MSSQL Read Component
A component that reads data from a MSSQL Server database, options include ingesting a single table / query, or multiple tables / queries.
Examples
- mssql_read_multiple_tables_schemas.yaml
- mssql_read_incremental_merge.yaml
- mssql_read_incremental.yaml
component:
read:
connection: my-mssql-connection
mssql:
tables:
- name: table1
schema: schema1
- name: table2
schema: schema2
- name: table3
schema: schema3
component:
read:
connection: my-mssql-connection
mssql:
table:
name: my_table
schema: my_schema
strategy:
replication:
incremental:
column_name: last_modified # Column used for tracking incremental updates to the data.
incremental:
merge:
unique_key: unique_id_column # Unique key for identifying records.
component:
read:
connection: my-mssql-connection
mssql:
query: SELECT * FROM my_table
strategy:
replication:
incremental:
column_name: my_incremental_column # Column used for tracking incremental updates to the data.
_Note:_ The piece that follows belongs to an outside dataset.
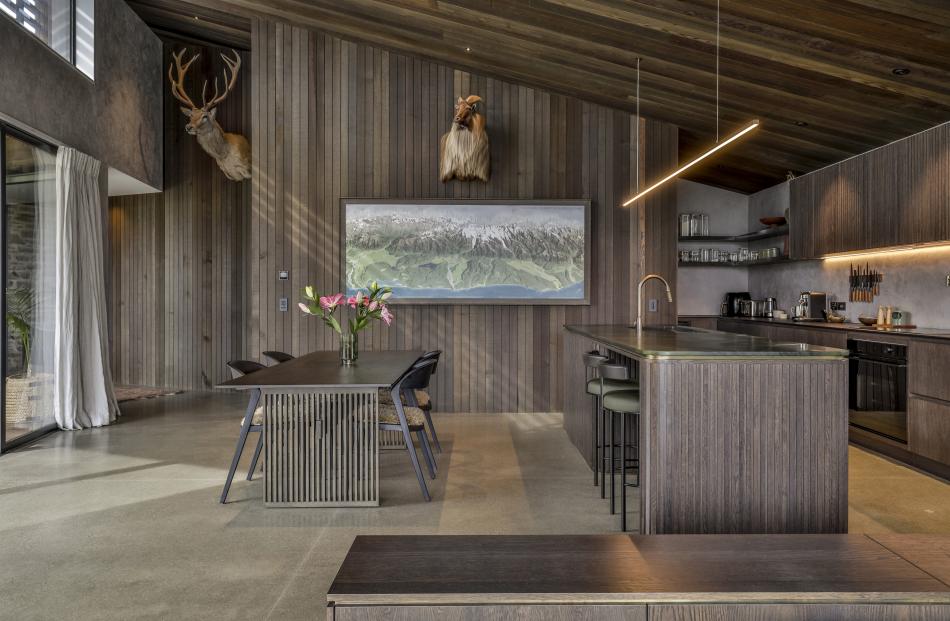 Timber and concrete feature in the kitchen-dining area.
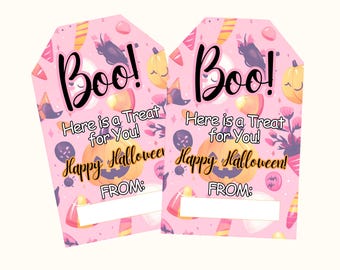 May include: Two printable Halloween favor tags with a pink background and a cute cartoon design. The tags feature a pumpkin, candy corn, and a witch's hat. The text on the tags reads "Boo! Here is a Treat for You! Happy Halloween! From:"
start_value: 100 # Initial start value for incremental read.
incremental: append # Specifies that new data should be appended incrementally.
MSSQLReadComponent
MSSQLReadComponent
is defined beneath the following ancestor nodes in the YAML structure:
Below are the properties for the MSSQLReadComponent
. Each property links to the specific details section further down in this page.
Property | Default | Type | Required | Description |
---|---|---|---|---|
dependencies | array[None] | No | List of dependencies that must complete before this Component runs. | |
event_time | string | No | Timestamp column in the Component output used to represent Event time. | |
connection | string | No | Name of the Connection to use for reading data. | |
columns | array[None] | No | List specifying the columns to read from the source and transformations to make during read. | |
normalize | boolean | No | Boolean flag indicating whether the output column names should be normalized to a standard naming convention after reading. | |
preserve_case | boolean | No | Boolean flag indicating whether the case of the column names should be preserved after reading. | |
uppercase | boolean | No | Boolean flag indicating whether the column names should be transformed to uppercase after reading. | |
strategy | Any of: full IncrementalReadStrategy PartitionedStrategy | No | Ingest strategy options. | |
read_options | No | Options for reading from the database or warehouse. | ||
mssql | Any of: | Yes |
Property Details
Component
A Component is a fundamental building block of a data Flow. Supported Component types include: Read, Transform, Task, Test, and more.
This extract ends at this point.